Mind the Trap Door

In recent decades, there have been points where stocks were steeply overvalued (as I observed in 2000, 2007, and of course, in recent years), clearly undervalued (as I observed in 1990 and late-2008), and neutral enough to adopt a constructive outlook based on improved market internals (as I observed in early-2003). Regardless of the situation, I’ve always emphasized a key fact: valuations have a profound impact on 10-12 year market returns, and on potential losses over the completion of any market cycle, but have little impact on market outcomes over shorter segments of the market cycle.
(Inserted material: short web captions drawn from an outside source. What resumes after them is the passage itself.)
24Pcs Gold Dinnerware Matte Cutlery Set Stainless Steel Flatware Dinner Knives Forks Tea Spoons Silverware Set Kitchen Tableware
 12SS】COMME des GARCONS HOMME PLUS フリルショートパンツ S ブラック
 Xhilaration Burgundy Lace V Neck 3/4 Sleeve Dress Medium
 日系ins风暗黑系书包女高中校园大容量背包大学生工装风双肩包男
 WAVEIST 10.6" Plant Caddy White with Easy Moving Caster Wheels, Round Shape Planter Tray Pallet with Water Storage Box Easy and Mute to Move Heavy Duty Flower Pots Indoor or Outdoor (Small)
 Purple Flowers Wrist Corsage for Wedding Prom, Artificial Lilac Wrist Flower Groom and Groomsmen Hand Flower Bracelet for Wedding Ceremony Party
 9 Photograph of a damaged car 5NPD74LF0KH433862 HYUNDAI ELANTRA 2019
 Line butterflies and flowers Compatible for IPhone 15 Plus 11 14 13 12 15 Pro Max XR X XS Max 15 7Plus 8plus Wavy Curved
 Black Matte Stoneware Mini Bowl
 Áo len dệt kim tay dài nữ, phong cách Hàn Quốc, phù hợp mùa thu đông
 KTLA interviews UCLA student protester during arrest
This has clearly been true in recent years. A moment’s thought should make it obvious that the stock market was only able to reach extremes like those of 1929, 2000, and today because valuations failed, for some portion of the market cycle, to collapse from less extreme levels. So while valuations haven’t “worked” in recent years, as is often the case during speculative periods, there’s nothing in recent market behavior to suggest that the relationship between valuations and subsequent full-cycle market returns has changed at all. Investors who believe that valuations have somehow become irrelevant because they haven’t “worked” in recent years simply don’t understand how valuations actually work.

Before discussing the profile of risks facing investors at present, it will help to quickly review the central considerations of our investment discipline.

While valuations are the main drivers of long-term, full-cycle market outcomes, they often say very little about market outcomes over periods substantially shorter than 10-12 years. On shorter horizons, investor psychology matters more. How does one measure that? I’ve frequently emphasized that when investors are inclined to speculate, they tend to be indiscriminate about it. So the uniformity or divergence of market internals across a broad range of securities tells us a great deal about whether investors are inclined toward speculation or risk-aversion. Indeed, the condition of market internals (what I used to call “trend uniformity”) is the main feature that distinguishes an overvalued market that moves higher from an overvalued market that drops like a rock.

In our own methods, we extract a signal about speculation or risk-aversion from the uniformity or divergence of market action across thousands of individual securities, sectors, industries, and security-types, including debt securities of varying creditworthiness. We don’t publish those methods, but suffice it to say that when the market demonstrates divergences and breakdowns in the behavior of various sectors, that loss of “uniformity” is often a signal that investor preferences have subtly shifted toward risk-aversion. Conversely, we find that the most favorable market return/risk profiles typically emerge at the point where a material retreat in valuations is joined by an early improvement in market internals.